▶ _Your goal_: Every line below should be copied exactly; drop the pictures.
▼▼▼
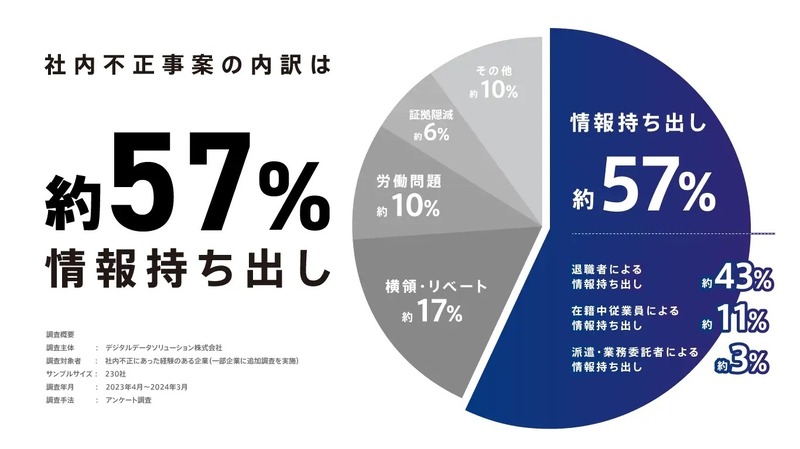 社内不正事案の内訳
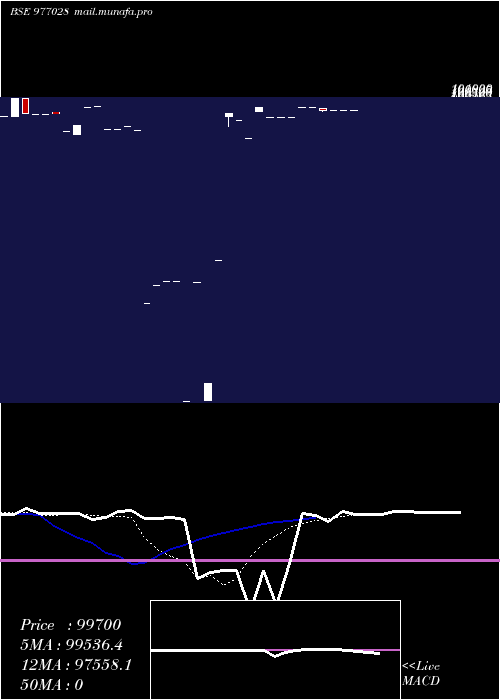  Daily chart Ncl10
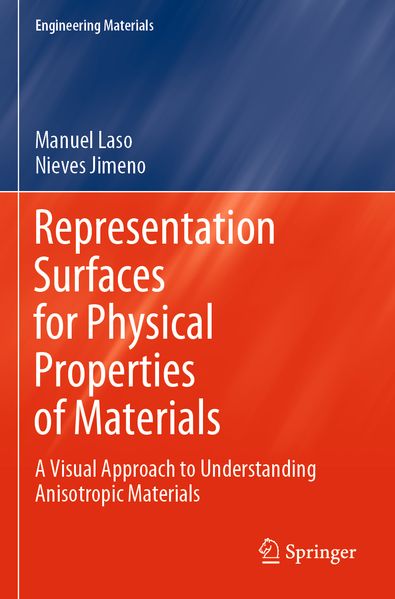 Representation Surfaces for Physical Properties of Materials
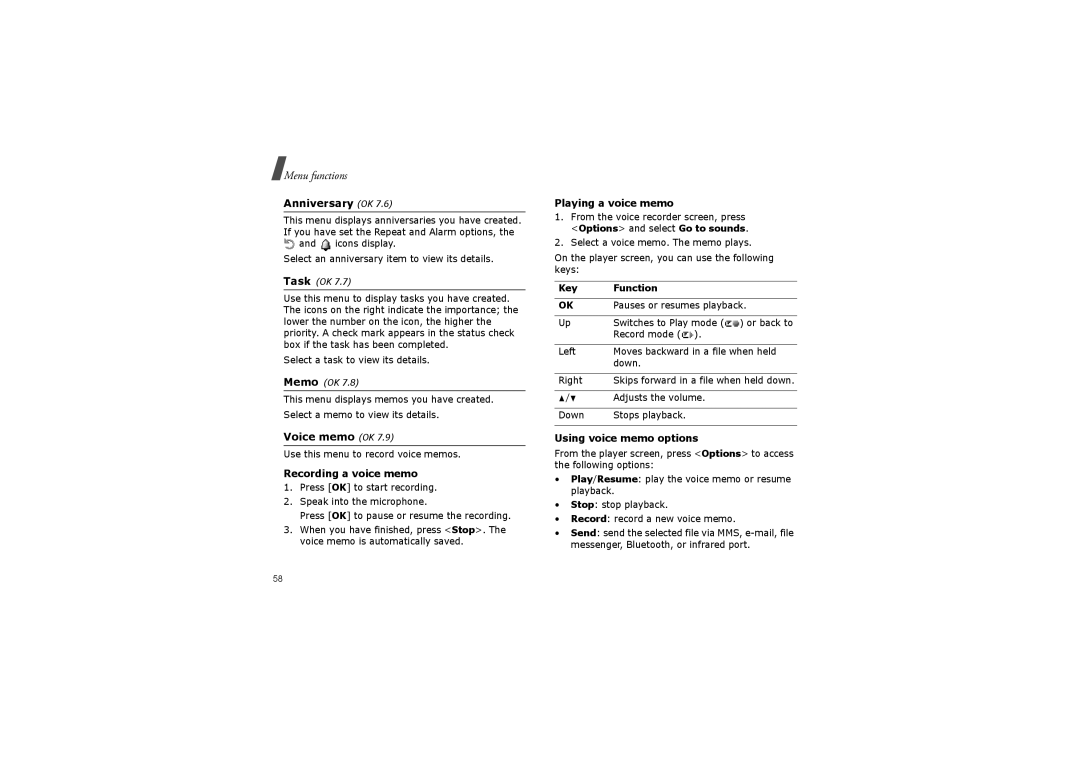 Samsung SGH-ZM60ZWMCRO, SGH-ZM60ASMCRO manual Anniversary OK, Voice memo OK, Recording a voice memo, Playing a voice memo 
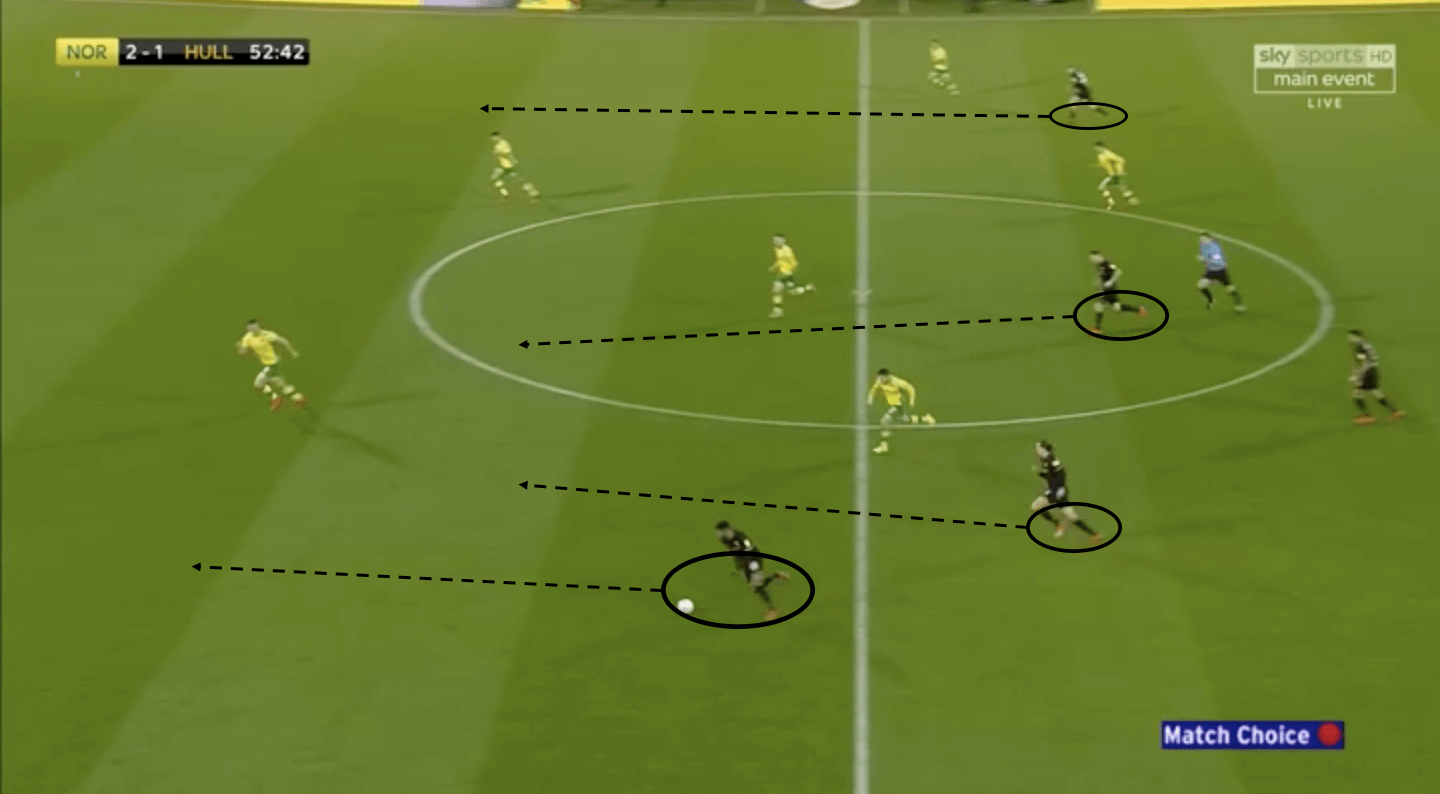 Norwich City Hull City EFL Championship 2018/19 Tactical Analysis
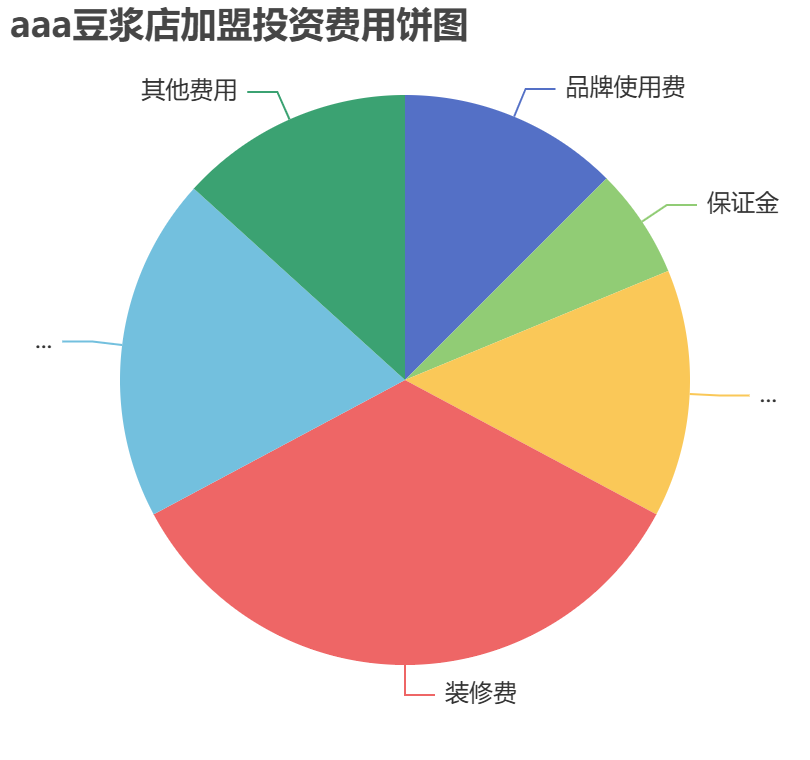 aaa豆?jié){店加盟投資費(fèi)用餅狀圖表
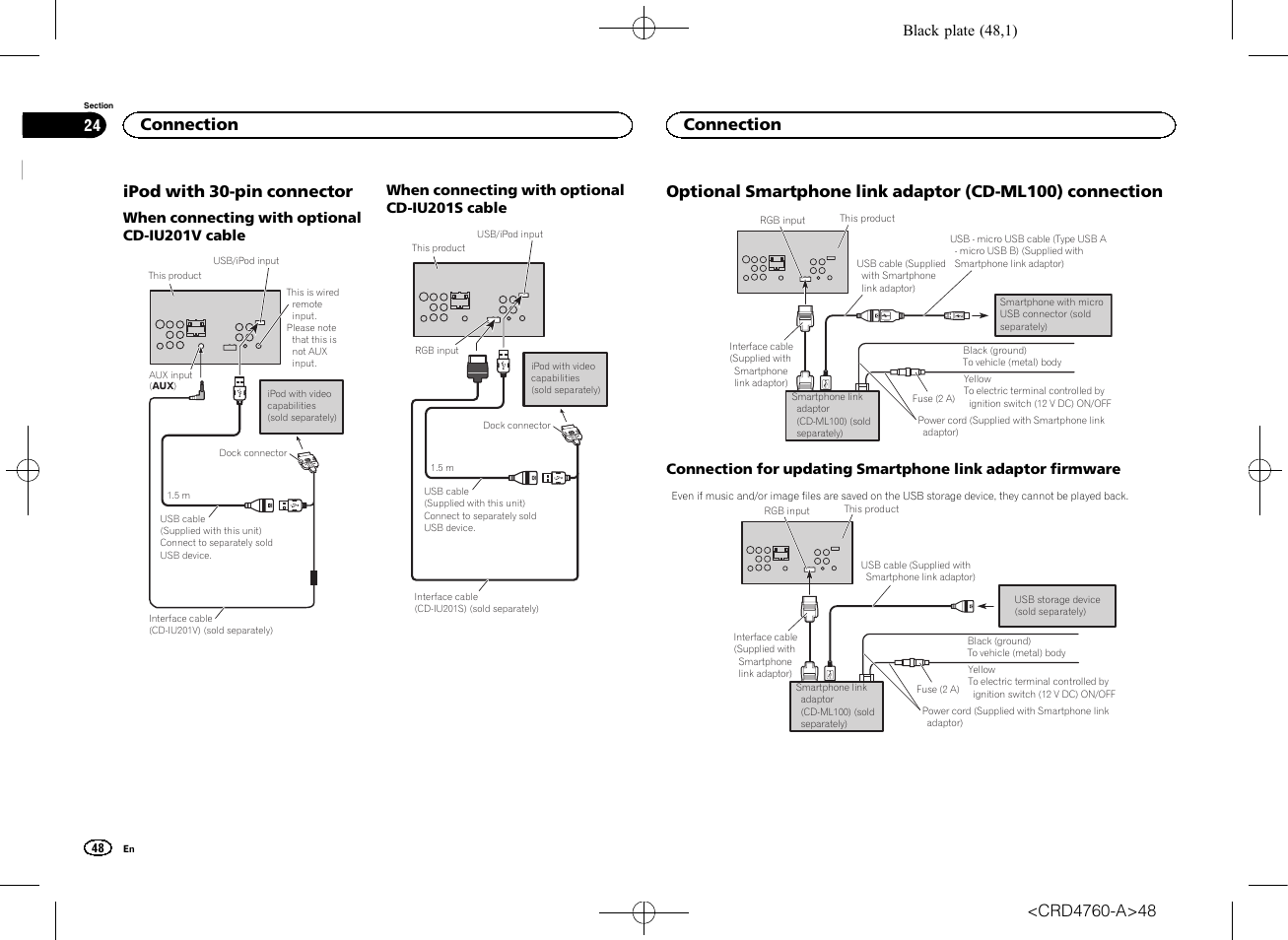 Ipod with 30-pin connector, Optional smartphone link adaptor (cd, Ml100) connection | When connecting with optional cd, Connection | Pioneer AVH-X2650BT User Manual | Page 48 / 200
▲▲▲
▶ _Exercise solution_:
 社内不正事案の内訳
  Daily chart Ncl10
 Representation Surfaces for Physical Properties of Materials
 Samsung SGH-ZM60ZWMCRO, SGH-ZM60ASMCRO manual Anniversary OK, Voice memo OK, Recording a voice memo, Playing a voice memo 
 Norwich City Hull City EFL Championship 2018/19 Tactical Analysis
 aaa豆?jié){店加盟投資費(fèi)用餅狀圖表
 Ipod with 30-pin connector, Optional smartphone link adaptor (cd, Ml100) connection | When connecting with optional cd, Connection | Pioneer AVH-X2650BT User Manual | Page 48 / 200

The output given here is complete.